Your task: What you write must be the listing below in full, word for word, minus its pictures.

*** Opening of Source material ***

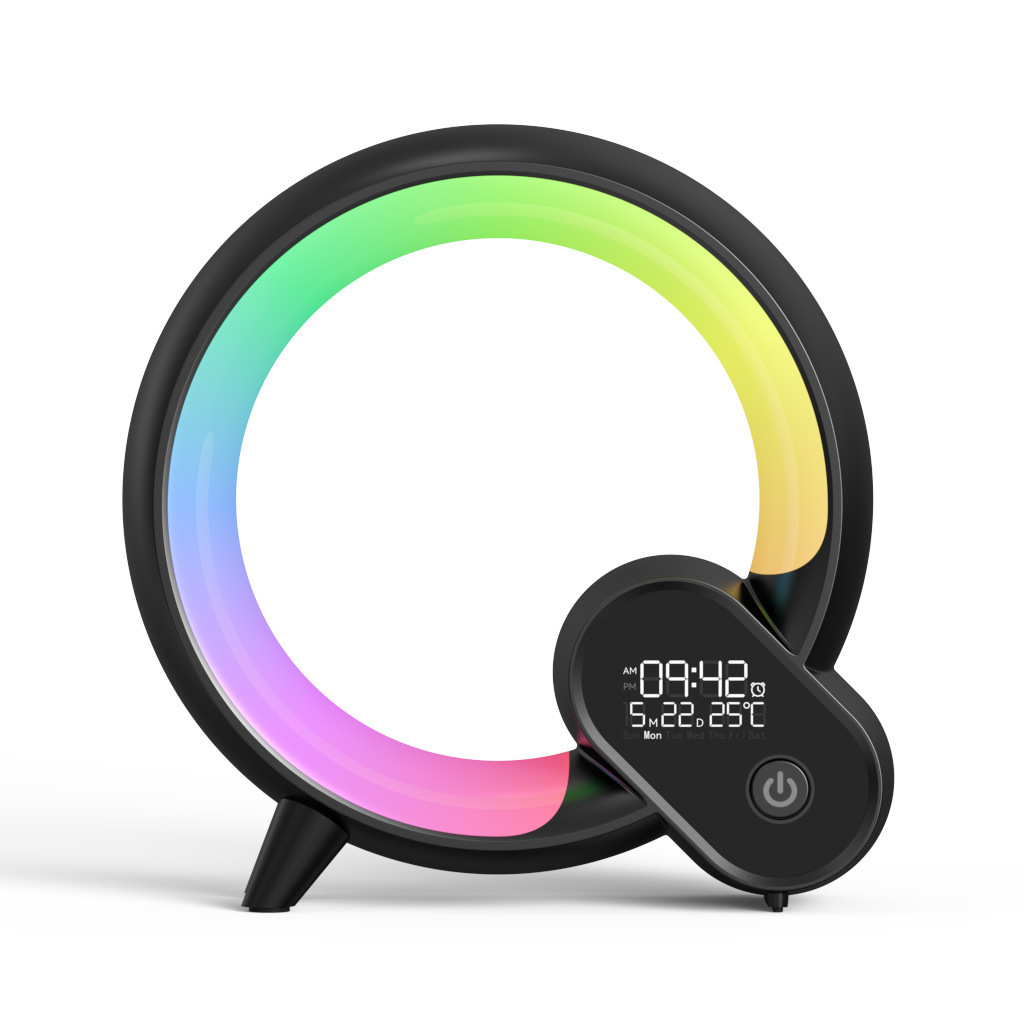 ساعة منبه رقمية تناظرية من Creative Q Light مزودة بشاشة عرض رقمية وبلوتوث وصوت وإيقاظ ذكي Q وإضاءة ملونة - Image 7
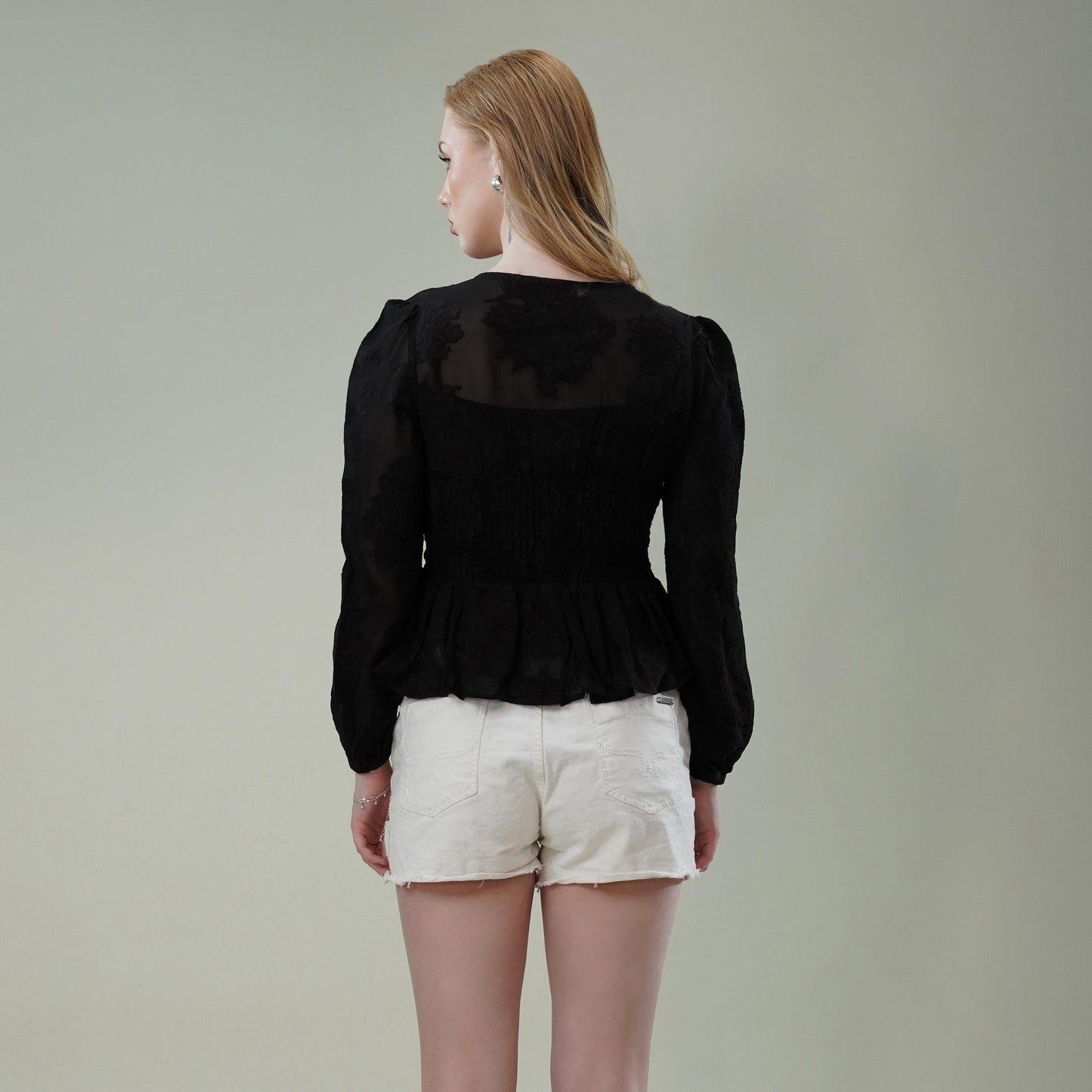 Black Floral Textured Georgette Peplum Top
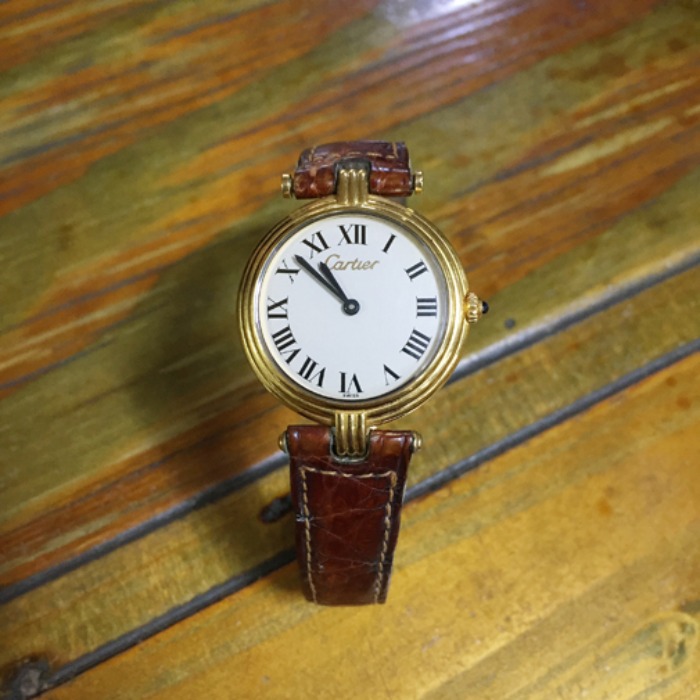 [FRANCE]80s Cartier 18k solid gold watch.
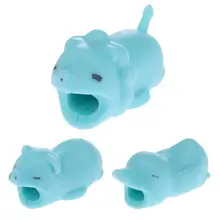 1 шт. мягкие ПВХ в форме животных укус небьющееся кабель для мобильного телефона протектор линии передачи данных провода защитная крышка чехол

*** Close of Source material ***

Completed exercise:
 ساعة منبه رقمية تناظرية من Creative Q Light مزودة بشاشة عرض رقمية وبلوتوث وصوت وإيقاظ ذكي Q وإضاءة ملونة - Image 7
 Black Floral Textured Georgette Peplum Top
 [FRANCE]80s Cartier 18k solid gold watch.
 1 шт. мягкие ПВХ в форме животных укус небьющееся кабель для мобильного телефона протектор линии передачи данных провода защитная крышка чехол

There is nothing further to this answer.